Die Nacht ist vorüber, der Tag scheint durch die verschlossenen Gardinen herein, – die Gräfin Wildenau sitzt noch an derselben Stelle, wie in der Stunde, da Freyer sie verließ. Ja, »still und geräuschlos wie ein Schatten« ist er dahingegangen – vielleicht aus ihrem Leben entschwunden, – wie er es gesagt! Sie weiß es nicht, was sie empfindet, sie möchte die Erstarrung durch Tränen lösen, aber sie darf ja nicht weinen, – warum sollte sie auch? Es ging ja alles nach Wunsch. Freilich, sie war scharf gewesen, zu scharf und hart, und Worte waren gefallen von beiden Seiten, die keins dem andern mehr verzeihen kann! Aber daß es nicht ohne Sturm verliefe, war ja vorauszusehen – warum schnürt es ihr die Brust zusammen, als wäre jetzt erst ein Unglück geschehen, und zwar das größte – größer als alles, was ihr geschehen konnte?! Nein – Tränen! Was sollte denn der Herzog denken? Das wäre ja ein Unrecht an ihm. Und es ist auch gar nicht wahr, daß sie noch etwas empfindet; sie empfindet überhaupt nichts mehr, – weder für den Entschwundenen noch für den Herzog! Die Ehre allein – die Ehre ist das einzige, was noch gerettet werden muß! Aber, – daß er so plötzlich verstummte, als sie ihm von der Verlobung mit dem Herzog sprach – daß er so dahinging, ohne Abschied – ohne ein Wort! Er verachtet sie – sie war es ihm nicht mehr wert. – Das war's, was ihn auf einmal so ruhig machte. Eine vernichtende Größe und Würde lag in dieser Ruhe nach den Ausbrüchen wilder Verzweiflung. In diesen war ein Kampf – in jener – ein Sieg, – und sie ist die Besiegte, ihr bleibt die Beschämung, die Gewissensangst und ein seltsames, unerklärliches Weh –!

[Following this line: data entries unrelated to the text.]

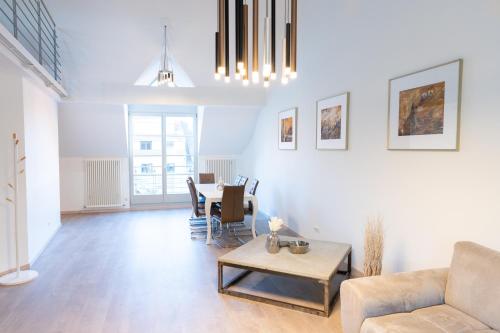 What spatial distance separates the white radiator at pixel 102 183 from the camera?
23.4ft

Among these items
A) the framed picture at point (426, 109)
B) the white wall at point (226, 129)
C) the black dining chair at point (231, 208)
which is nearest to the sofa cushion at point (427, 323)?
the framed picture at point (426, 109)

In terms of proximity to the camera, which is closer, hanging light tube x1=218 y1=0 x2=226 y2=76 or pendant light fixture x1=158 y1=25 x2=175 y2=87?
hanging light tube x1=218 y1=0 x2=226 y2=76

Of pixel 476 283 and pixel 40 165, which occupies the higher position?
pixel 40 165

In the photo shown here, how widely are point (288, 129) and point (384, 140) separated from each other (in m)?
2.40

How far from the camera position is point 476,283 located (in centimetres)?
200

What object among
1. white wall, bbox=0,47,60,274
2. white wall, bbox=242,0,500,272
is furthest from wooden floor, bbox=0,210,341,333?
white wall, bbox=242,0,500,272

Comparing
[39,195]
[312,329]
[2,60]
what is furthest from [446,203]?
[39,195]

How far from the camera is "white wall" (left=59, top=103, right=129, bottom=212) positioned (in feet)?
20.7

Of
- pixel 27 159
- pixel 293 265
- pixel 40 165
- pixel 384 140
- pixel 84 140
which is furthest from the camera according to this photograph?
pixel 84 140

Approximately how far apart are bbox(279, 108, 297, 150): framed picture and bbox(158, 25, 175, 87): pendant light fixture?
1934 millimetres

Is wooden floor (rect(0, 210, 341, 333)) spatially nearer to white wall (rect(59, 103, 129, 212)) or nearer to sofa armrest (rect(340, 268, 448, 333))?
sofa armrest (rect(340, 268, 448, 333))

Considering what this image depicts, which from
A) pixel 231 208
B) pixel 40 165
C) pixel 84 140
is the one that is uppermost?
pixel 84 140

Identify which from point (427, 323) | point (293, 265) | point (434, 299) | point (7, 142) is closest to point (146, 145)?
A: point (7, 142)

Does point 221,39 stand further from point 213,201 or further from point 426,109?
point 213,201
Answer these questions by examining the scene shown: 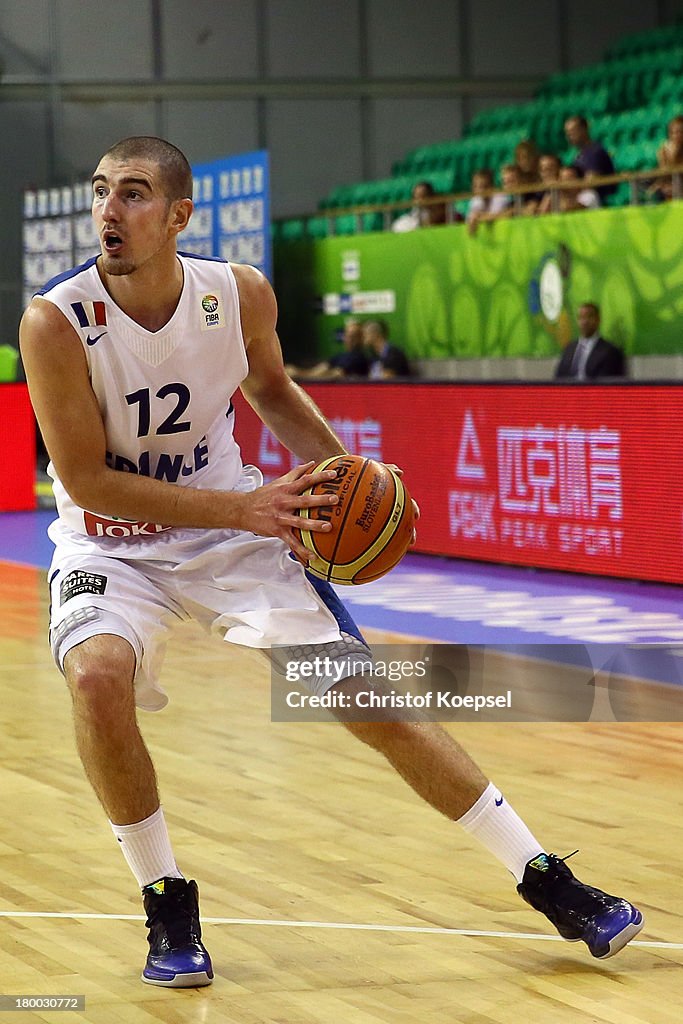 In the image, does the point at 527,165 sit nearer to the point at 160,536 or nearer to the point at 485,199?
the point at 485,199

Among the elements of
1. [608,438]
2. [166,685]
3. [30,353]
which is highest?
[30,353]

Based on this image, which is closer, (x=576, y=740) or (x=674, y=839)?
(x=674, y=839)

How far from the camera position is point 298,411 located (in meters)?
3.88

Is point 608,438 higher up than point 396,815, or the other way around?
point 608,438

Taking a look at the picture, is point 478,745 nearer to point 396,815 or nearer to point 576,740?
point 576,740

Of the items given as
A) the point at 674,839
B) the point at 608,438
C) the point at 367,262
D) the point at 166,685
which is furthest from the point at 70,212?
the point at 674,839

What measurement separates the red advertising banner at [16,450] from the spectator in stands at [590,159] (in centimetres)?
492

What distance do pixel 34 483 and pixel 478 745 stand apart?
9.71m

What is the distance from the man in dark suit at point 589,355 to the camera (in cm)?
1189

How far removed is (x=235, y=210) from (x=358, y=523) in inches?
502

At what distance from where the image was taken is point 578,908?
11.4 feet

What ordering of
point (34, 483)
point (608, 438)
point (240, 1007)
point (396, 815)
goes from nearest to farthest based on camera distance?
point (240, 1007)
point (396, 815)
point (608, 438)
point (34, 483)

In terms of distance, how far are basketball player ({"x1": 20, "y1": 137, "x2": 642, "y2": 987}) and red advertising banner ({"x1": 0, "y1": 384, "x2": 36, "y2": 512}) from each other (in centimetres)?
1108

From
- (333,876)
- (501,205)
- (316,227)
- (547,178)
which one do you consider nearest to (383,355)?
(501,205) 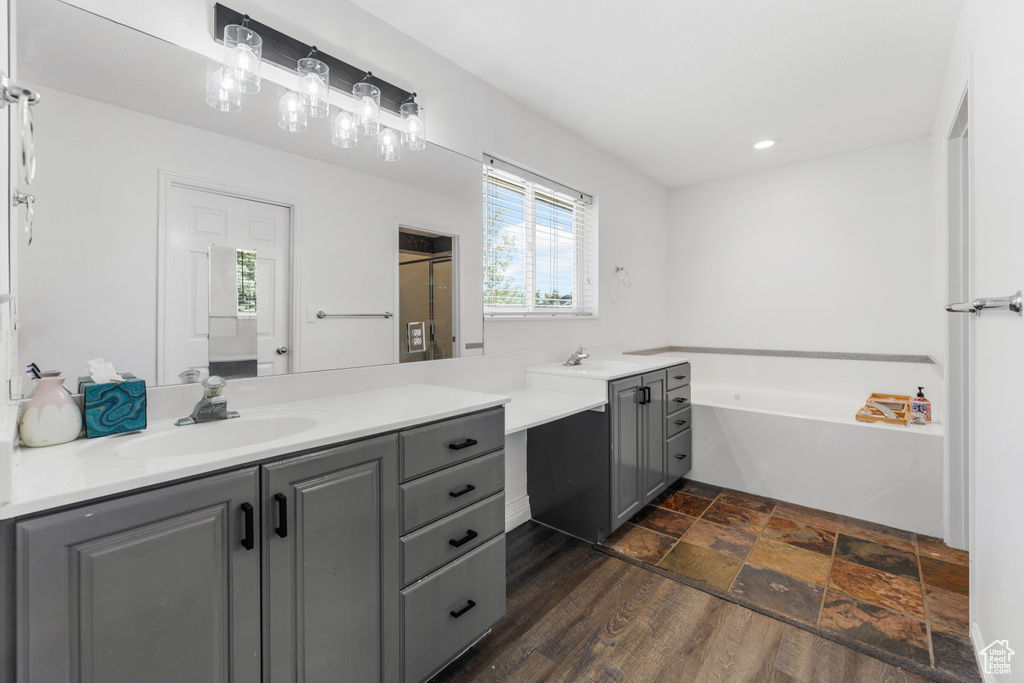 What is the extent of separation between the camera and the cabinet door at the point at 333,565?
41.9 inches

So sitzt sie und sinnt die ganze Nacht, und immer ist ihr's, als sähe sie, was sie doch nicht gesehen, den letzten Blick, den er auf sie gerichtet, und dann – wie er still durchs Zimmer schritt, das muß sie denken fort und fort! Es ist, als wäre die Zeit stehen geblieben in jener Minute und sie müsse nun die ganze Nacht hindurch nichts als den einen Augenblick erleben! – –

Da klopft es leise an die Tür, die Kammerfrau tritt herein mit verwachtem Gesicht. »Ich wollte nur fragen,« sagt sie hinfällig und müde, »ob ich mich noch etwas zu Bett legen darf. Ich habe die ganze Nacht gewartet, daß Erlaucht klingeln würden –«

»Mein Gott, haben Sie auf mich gewartet?« sagt die Gräfin, sich mühsam und steif vom Sofa erhebend. »Ich wußte gar nicht, daß es schon so spät sei! Was ist denn die Uhr?«

»Bald sechs Uhr früh. – Aber um Gottes willen, Erlaucht sind ja ganz erstarrt und bleich! Gestatten Erlaucht nicht, daß ich Sie zu Bett bringe?«

»Ja, gute Nannie, führen Sie mich in mein Schlafzimmer, ich kann gar nicht recht gehen, die Füße sind mir wie abgestorben.«

»Da müssen Erlaucht sich gleich legen und zu erwärmen suchen. Erlaucht sind ja eiskalt!«

Und die Zofe führt, aufrichtig erschrocken über die Hilflosigkeit der sonst so stolzen Gebieterin, die gebrochene Gestalt in ihr Schlafgemach.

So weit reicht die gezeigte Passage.